▶ **Exercise directions**
What is needed is an exact transcription of the listing, with the images removed.

▶ **Data excerpts**
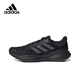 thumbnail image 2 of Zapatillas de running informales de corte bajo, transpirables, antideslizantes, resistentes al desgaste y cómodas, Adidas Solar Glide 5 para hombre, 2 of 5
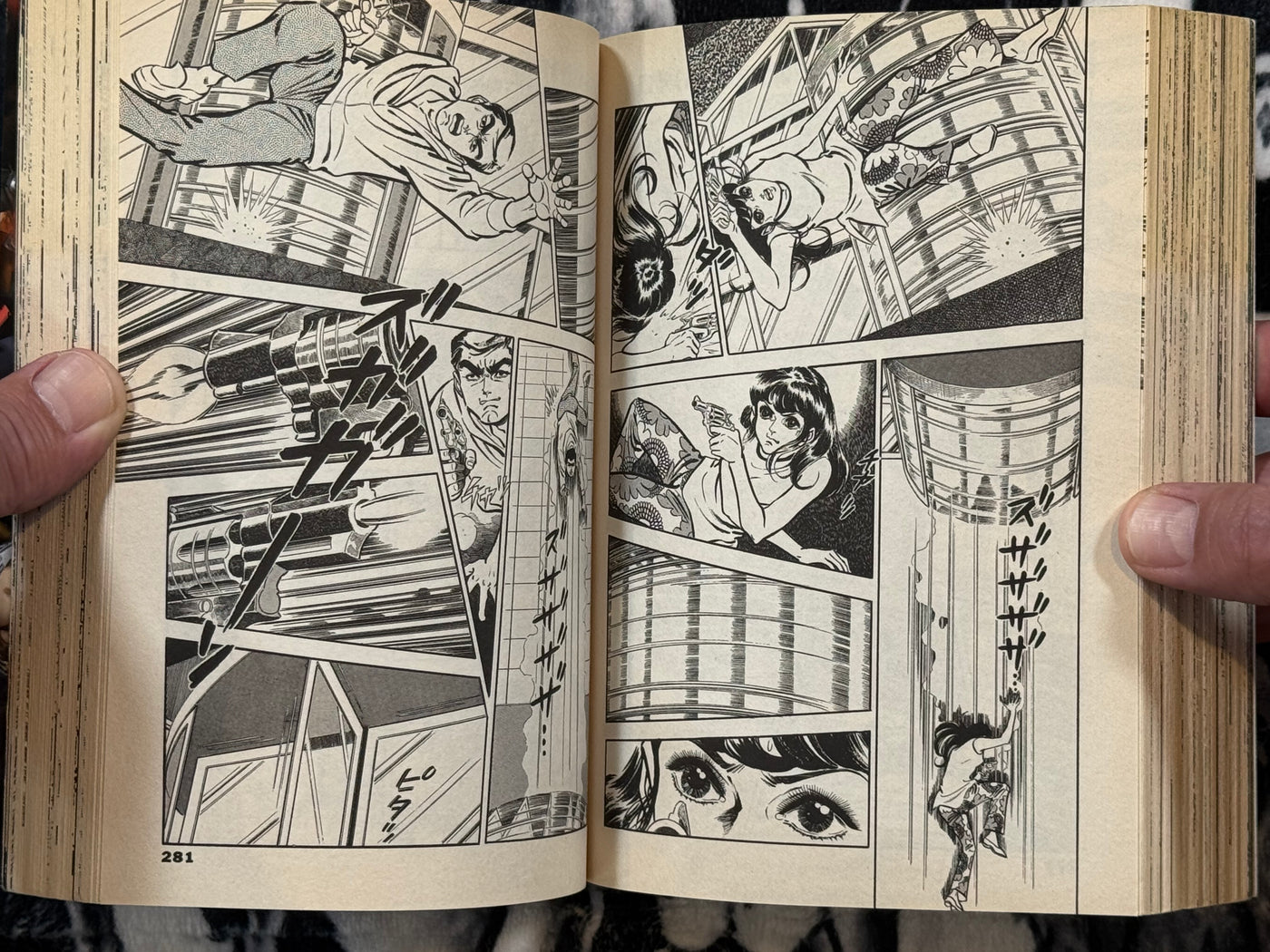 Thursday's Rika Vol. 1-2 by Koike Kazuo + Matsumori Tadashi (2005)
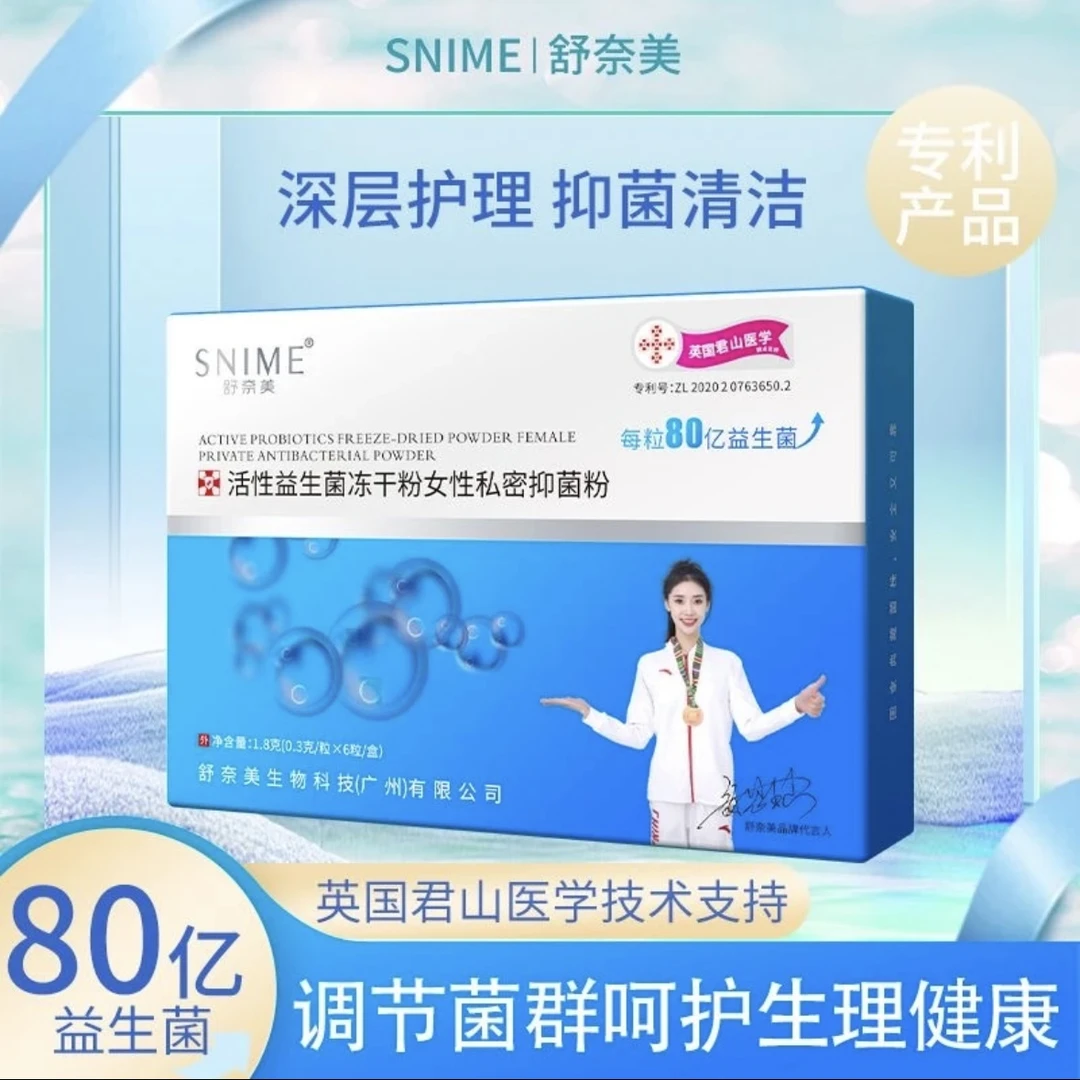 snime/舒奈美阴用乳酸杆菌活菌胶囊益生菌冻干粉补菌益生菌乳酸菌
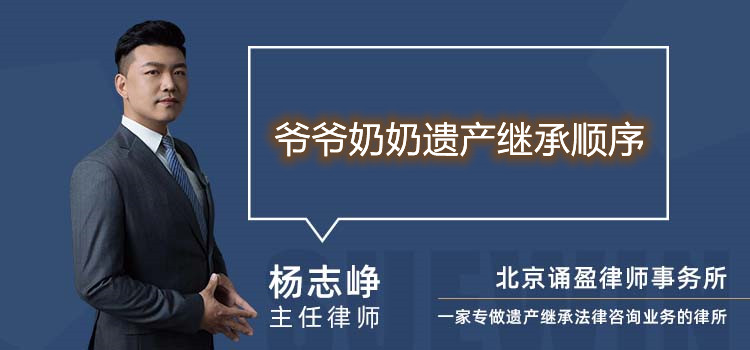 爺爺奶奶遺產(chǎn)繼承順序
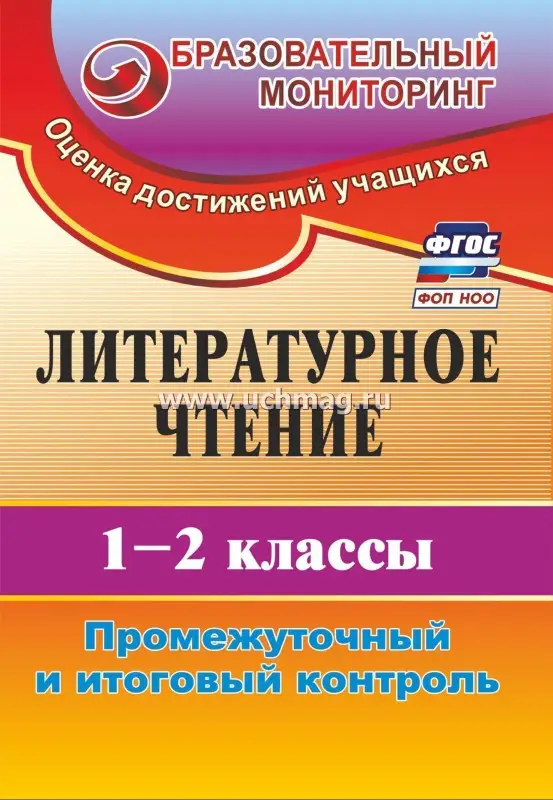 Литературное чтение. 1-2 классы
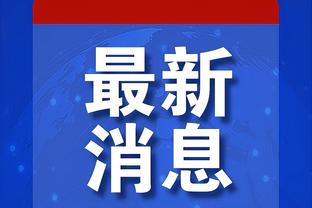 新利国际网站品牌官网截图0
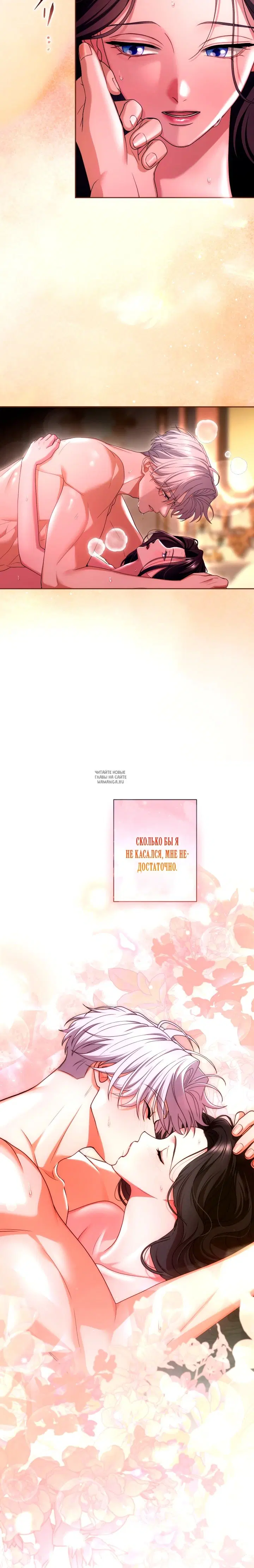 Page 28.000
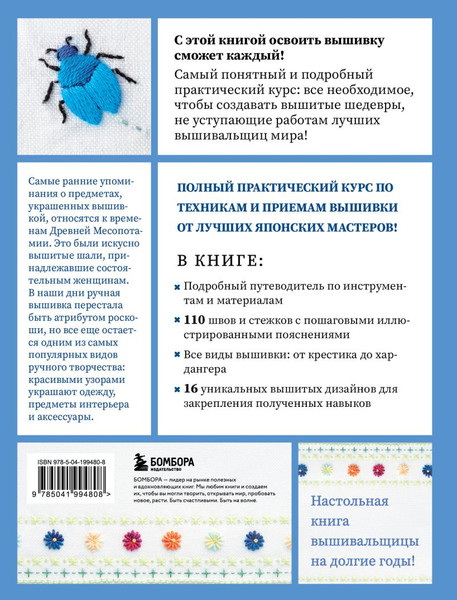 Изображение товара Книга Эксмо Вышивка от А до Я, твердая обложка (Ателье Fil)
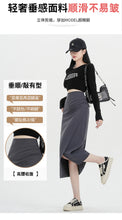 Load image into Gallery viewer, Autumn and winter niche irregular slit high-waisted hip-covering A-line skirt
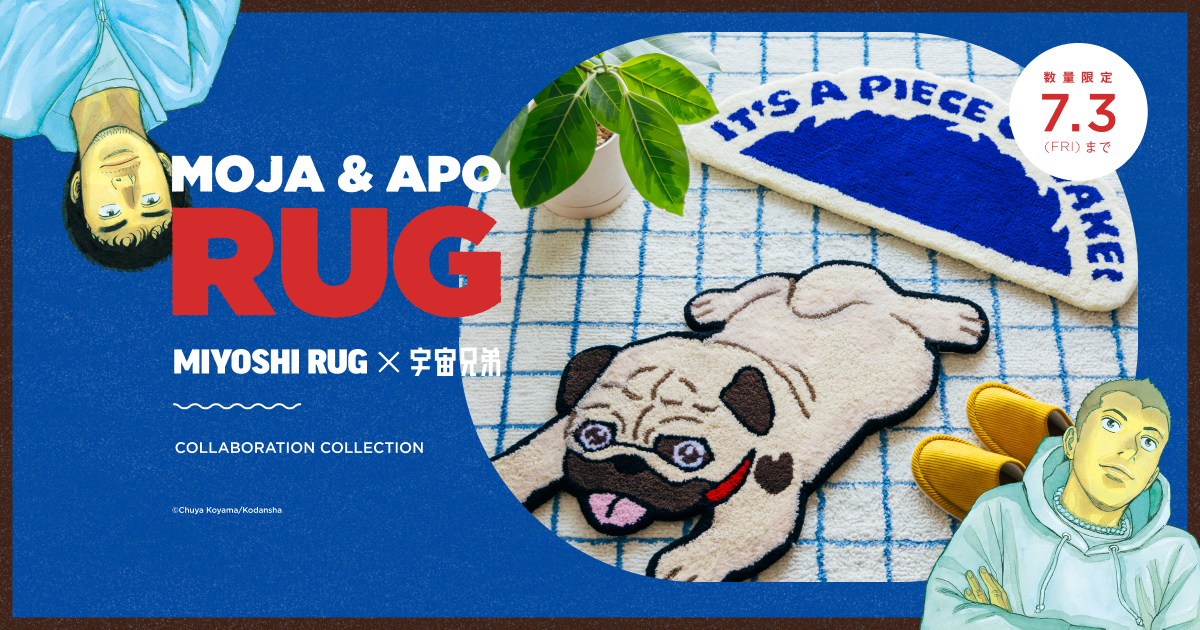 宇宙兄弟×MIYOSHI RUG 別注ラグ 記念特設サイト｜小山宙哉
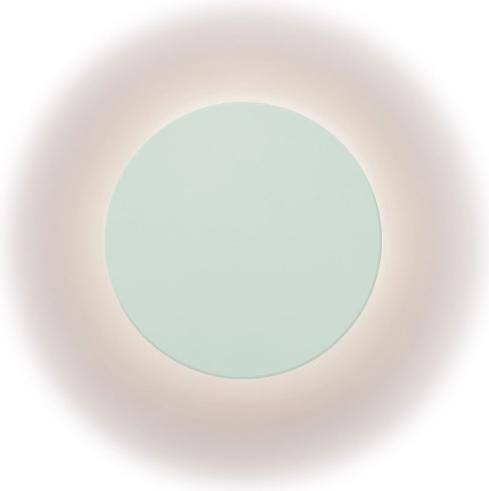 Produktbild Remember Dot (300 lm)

▶ **Solution for this task**
 thumbnail image 2 of Zapatillas de running informales de corte bajo, transpirables, antideslizantes, resistentes al desgaste y cómodas, Adidas Solar Glide 5 para hombre, 2 of 5
 Thursday's Rika Vol. 1-2 by Koike Kazuo + Matsumori Tadashi (2005)
 snime/舒奈美阴用乳酸杆菌活菌胶囊益生菌冻干粉补菌益生菌乳酸菌
 爺爺奶奶遺產(chǎn)繼承順序
 Литературное чтение. 1-2 классы
 新利国际网站品牌官网截图0
 Page 28.000
 Изображение товара Книга Эксмо Вышивка от А до Я, твердая обложка (Ателье Fil)
 Load image into Gallery viewer, Autumn and winter niche irregular slit high-waisted hip-covering A-line skirt
 宇宙兄弟×MIYOSHI RUG 別注ラグ 記念特設サイト｜小山宙哉
 Produktbild Remember Dot (300 lm)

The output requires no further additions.